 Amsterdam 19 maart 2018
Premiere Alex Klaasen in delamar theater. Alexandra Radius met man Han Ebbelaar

* * *

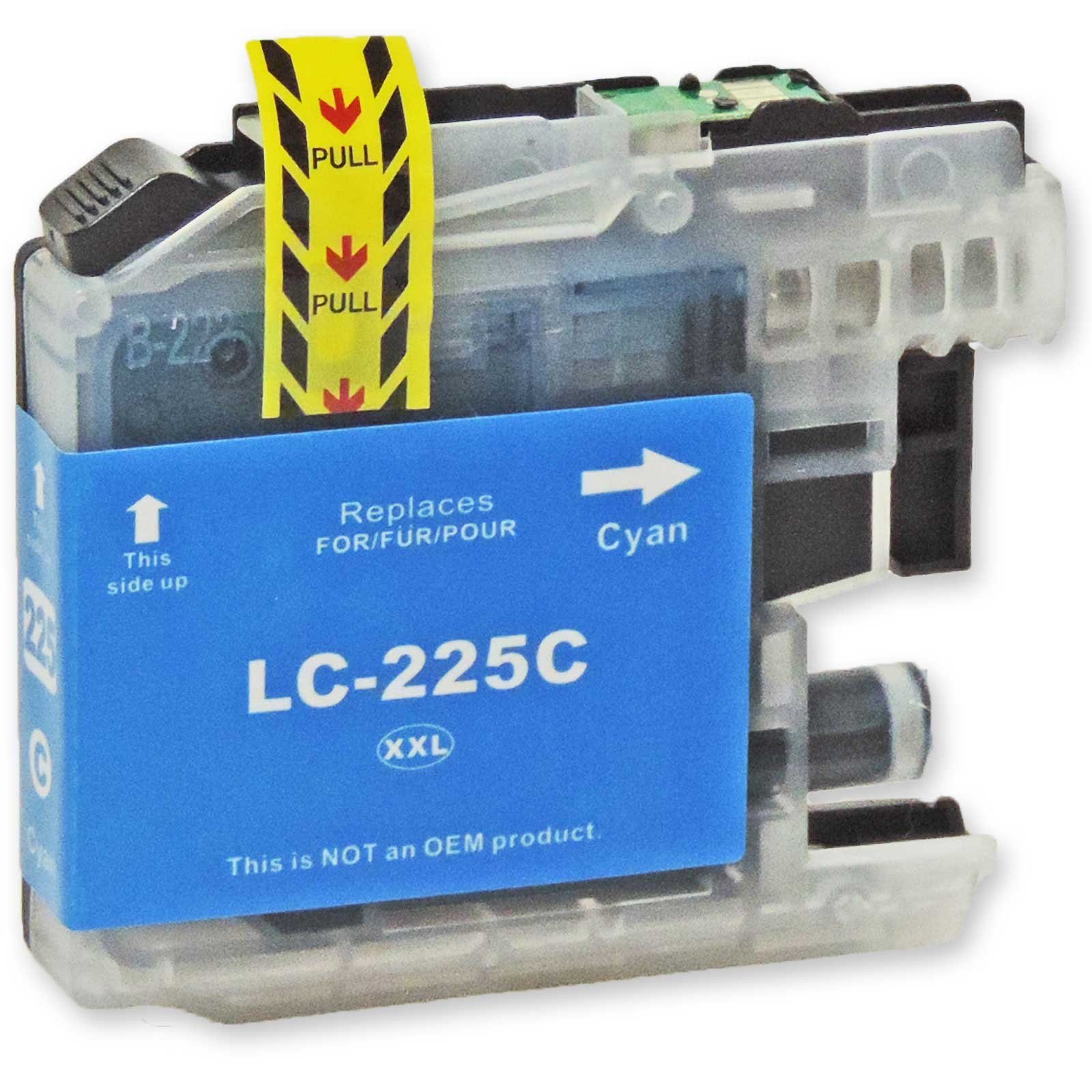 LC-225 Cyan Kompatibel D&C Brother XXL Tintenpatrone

* * *

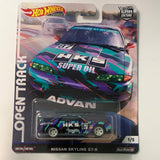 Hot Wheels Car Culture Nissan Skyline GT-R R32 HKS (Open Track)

Aim of the exercise: In the entries above, the lines from the one bearing "Amsterdam 19 maart 2018" up to and including the one bearing "Premiere Alex Klaasen" should be transcribed exactly; no other line is wanted.

Answer section:
 Amsterdam 19 maart 2018
Premiere Alex Klaasen in delamar theater. Alexandra Radius met man Han Ebbelaar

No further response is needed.